→ **Records to use**
====
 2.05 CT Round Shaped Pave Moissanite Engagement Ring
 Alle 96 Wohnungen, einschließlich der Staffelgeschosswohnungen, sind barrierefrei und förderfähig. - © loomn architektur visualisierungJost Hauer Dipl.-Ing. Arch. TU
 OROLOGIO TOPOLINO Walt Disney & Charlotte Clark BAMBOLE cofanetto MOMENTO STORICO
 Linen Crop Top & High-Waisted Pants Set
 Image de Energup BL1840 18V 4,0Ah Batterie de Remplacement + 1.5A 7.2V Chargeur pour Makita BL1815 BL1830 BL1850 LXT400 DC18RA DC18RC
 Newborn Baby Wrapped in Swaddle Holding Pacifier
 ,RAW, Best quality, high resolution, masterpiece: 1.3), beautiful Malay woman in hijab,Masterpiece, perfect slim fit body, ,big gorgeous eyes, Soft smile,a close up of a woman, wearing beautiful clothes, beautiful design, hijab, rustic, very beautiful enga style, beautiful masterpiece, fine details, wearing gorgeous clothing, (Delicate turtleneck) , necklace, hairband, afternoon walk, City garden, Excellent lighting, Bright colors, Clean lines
====
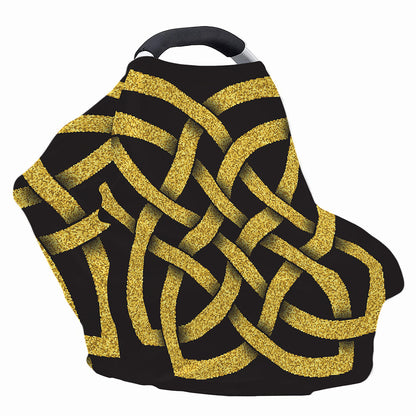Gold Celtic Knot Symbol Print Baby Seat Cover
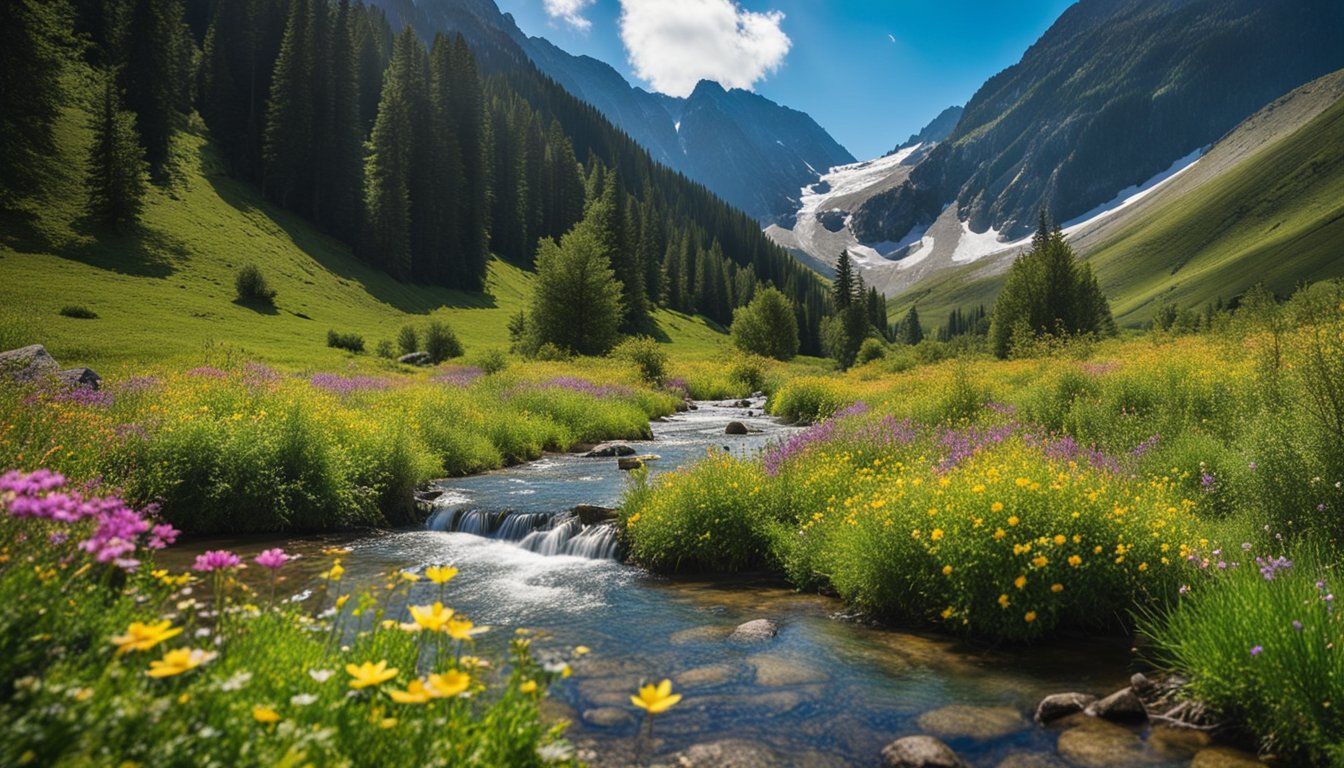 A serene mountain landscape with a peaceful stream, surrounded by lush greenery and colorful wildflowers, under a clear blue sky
====
→ **What the task asks**
Give back precisely the lines above that start at the line containing "2.05 CT Round" and end at the line containing "Linen Crop Top & High-Waisted Pants Set", inclusive. No other lines belong in the output.

→ **Task response**
 2.05 CT Round Shaped Pave Moissanite Engagement Ring
 Alle 96 Wohnungen, einschließlich der Staffelgeschosswohnungen, sind barrierefrei und förderfähig. - © loomn architektur visualisierungJost Hauer Dipl.-Ing. Arch. TU
 OROLOGIO TOPOLINO Walt Disney & Charlotte Clark BAMBOLE cofanetto MOMENTO STORICO
 Linen Crop Top & High-Waisted Pants Set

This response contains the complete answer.